The post was first officially conferred on John Dryden by Charles II in 1670, although Chaucer, in the 14th century, was called Poet Laureate and granted an annual allowance of wine. Both Wordsworth and Tennyson gave the declining post much-needed impetus in the 19th century, but approached it in different ways. Before taking the job, Wordsworth stipulated that no formal effusions of sentiment should be expected of him; but Tennyson had no such qualms: he was happy to effuse royally.

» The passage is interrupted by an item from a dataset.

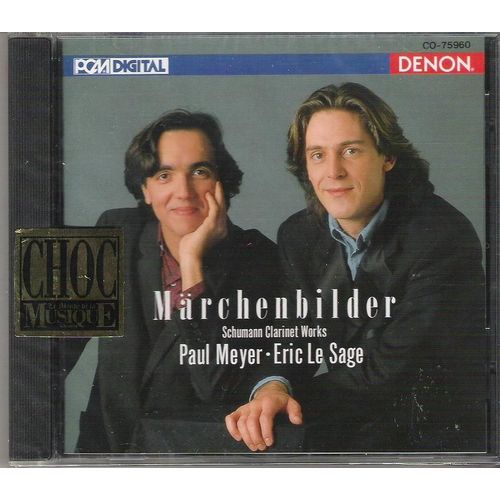 Marchenbilder, Phantasiestucke, Pieces Populaires, 3 Romances Meyer, Clarinette & Le Sage, Piano - Robert Schumann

Big literary names have turned down the post, including Sir Walter Scott, William Morris, and Philip Larkin; and you certainly would not take it for the money. Traditionally, the stipend has been £100 per annum and a vat of wine. Andrew Motion recently received an increased yearly fee of £5000; but he has become the first Poet Laureate to retire voluntarily for 400 years.
He says that the eight royal poems he has written — including pieces on Prince Charles’s marriage to Camilla Parker Bowles, and the Queen Mother’s 100th birthday — have been the hardest of his life. He needs empathy in order to write; he needs to be able to relate the event to his own experience. Where there is no empathy, there is no poem.
He was, however, able to compose “Regime Change”, a protest piece at the invasion of Iraq. It is a speech by Death, a bleak figure he has lived with himself. When he was 17, his mother had a riding accident, and spent the next nine years in and out of a coma before she died.
“To have had ten years working as laureate has been remarkable,” he told The Guardian. “Sometimes, it has been remarkably difficult — the laureate has to take a lot of flak, one way or another. More often, it’s been remarkably fulfilling. I’m glad I did it, and glad to be giving it up.”
We walk the earth, scattering our truth. And sometimes the poet will sow it in soil that is royal.